# Pictures with short captions
----

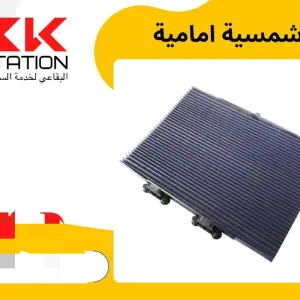 الشمسية الأمامية المبتكرة
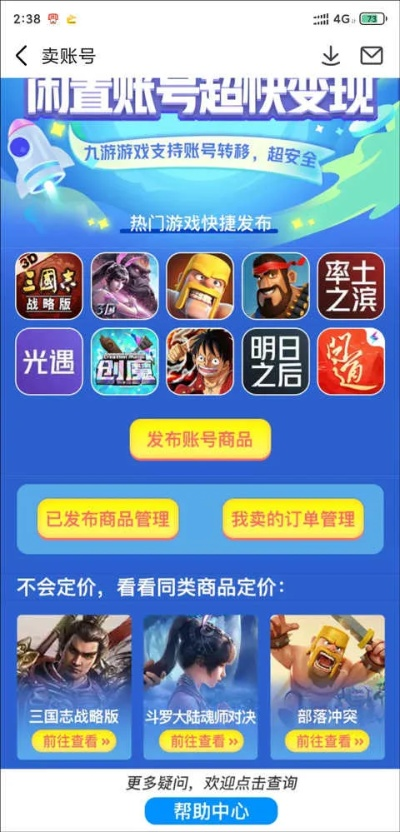 九游激活码大全同订票帮手官方下载,快速响应执行方案 Elite_v4.465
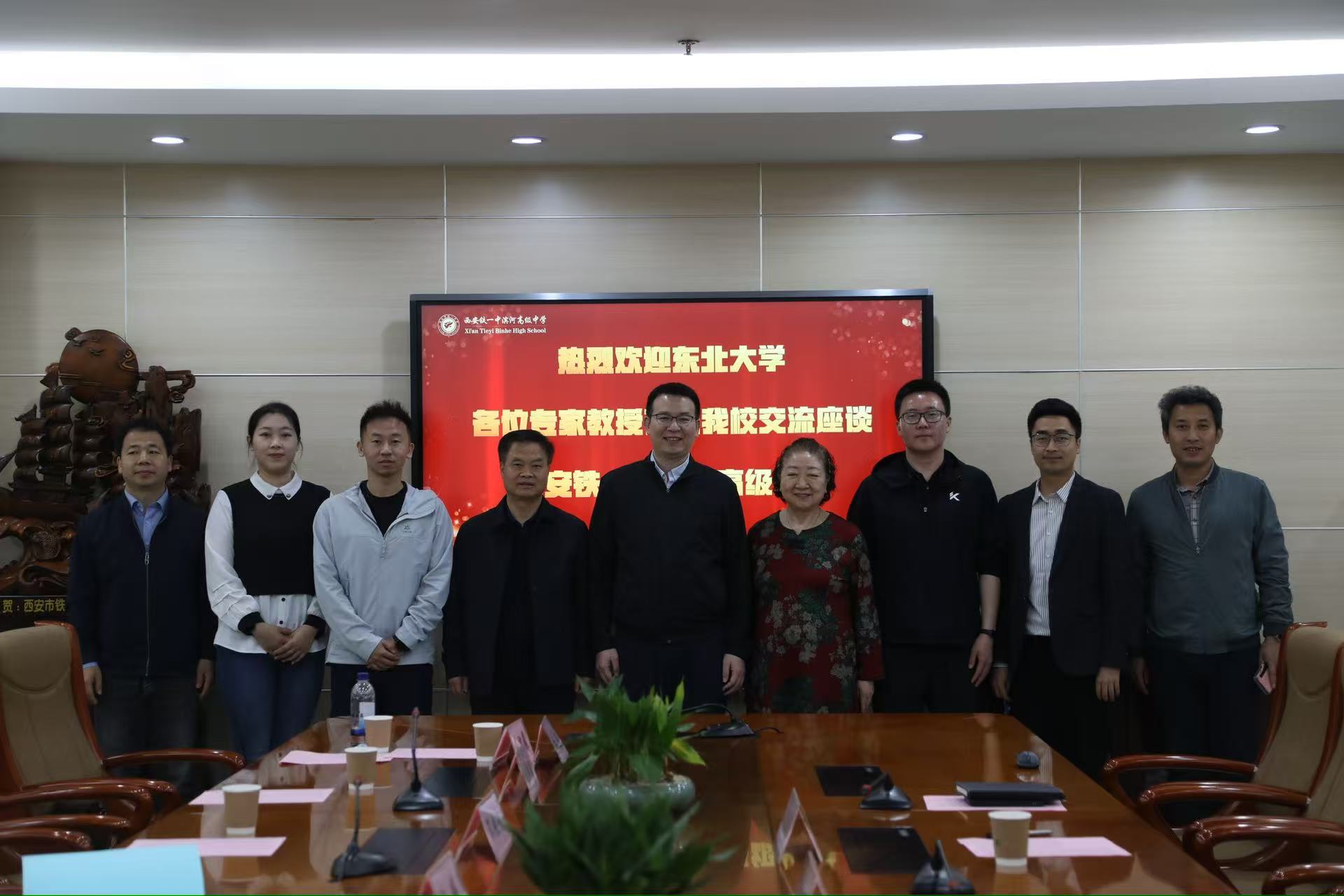 微信图片_20260510232127_340_217.jpg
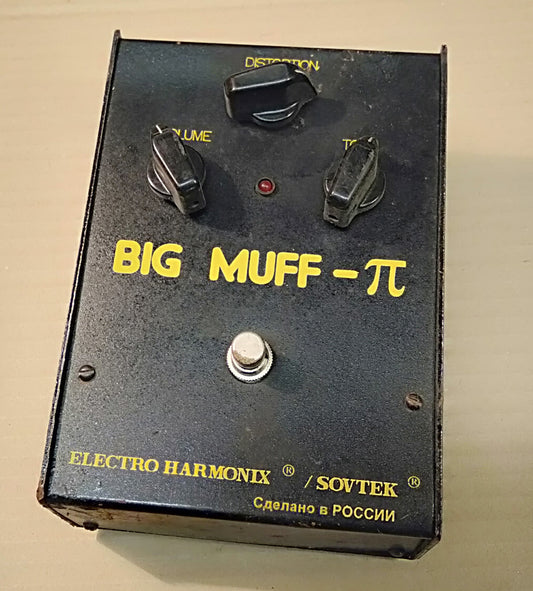 EH Sovtek Big Muff V7. 2ND HAND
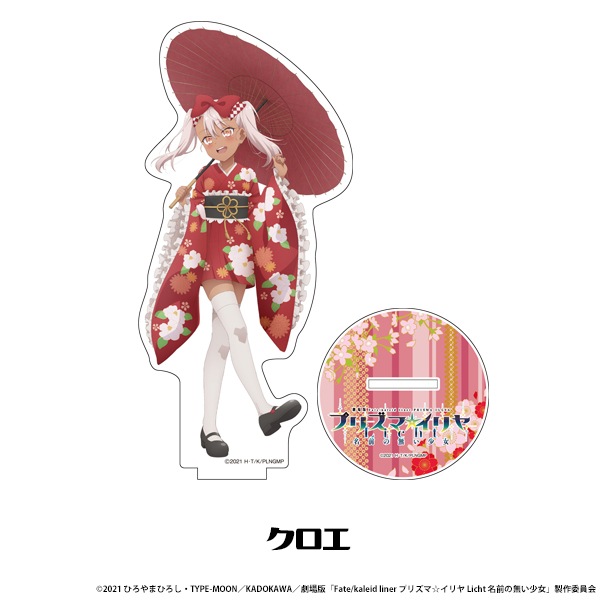 ����ǡ�Fate/kaleid liner �ץꥺ�ޡ������ Licht ̾����̵�������� �����������������ե����奢 ��3��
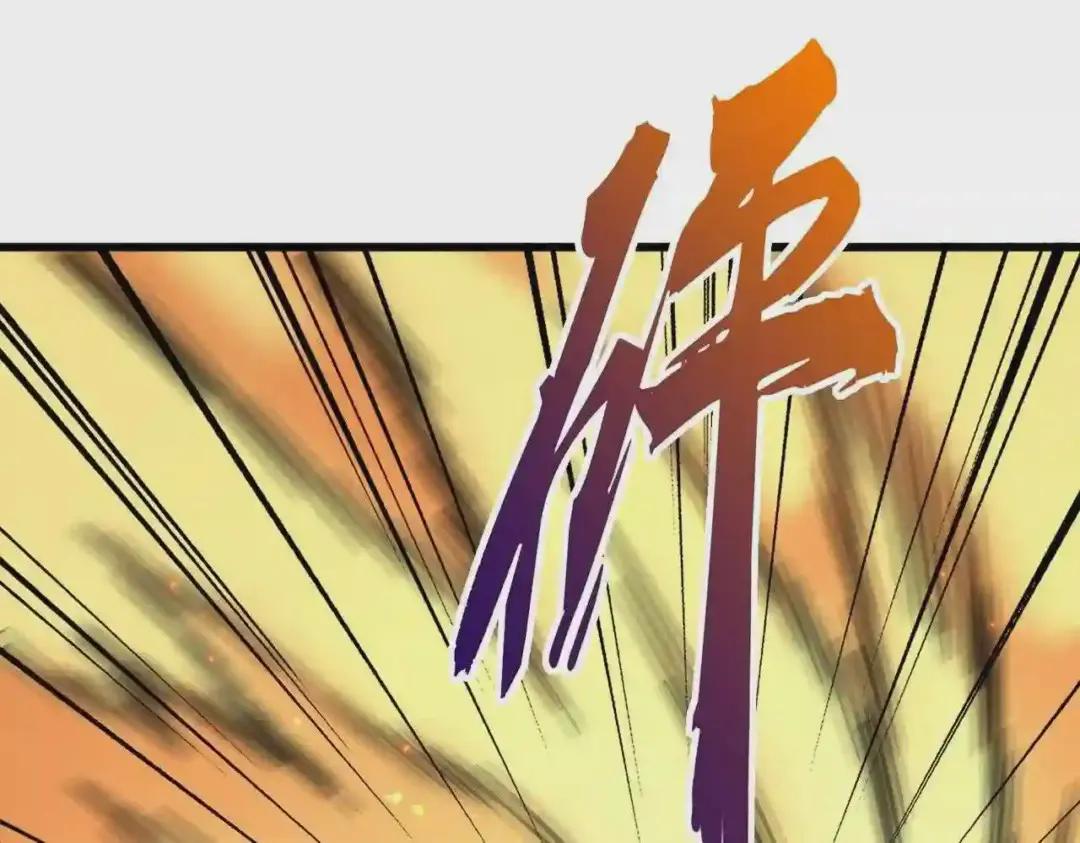 第246话 演技派二人组 第34页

----

# Task to complete
Could you reproduce exactly the lines from the one containing "微信图片_20260510232127_340_217.jpg" through the last line of the records, both included, leaving out the pictures?

# Solution below
 微信图片_20260510232127_340_217.jpg
 EH Sovtek Big Muff V7. 2ND HAND
 ����ǡ�Fate/kaleid liner �ץꥺ�ޡ������ Licht ̾����̵�������� �����������������ե����奢 ��3��
 第246话 演技派二人组 第34页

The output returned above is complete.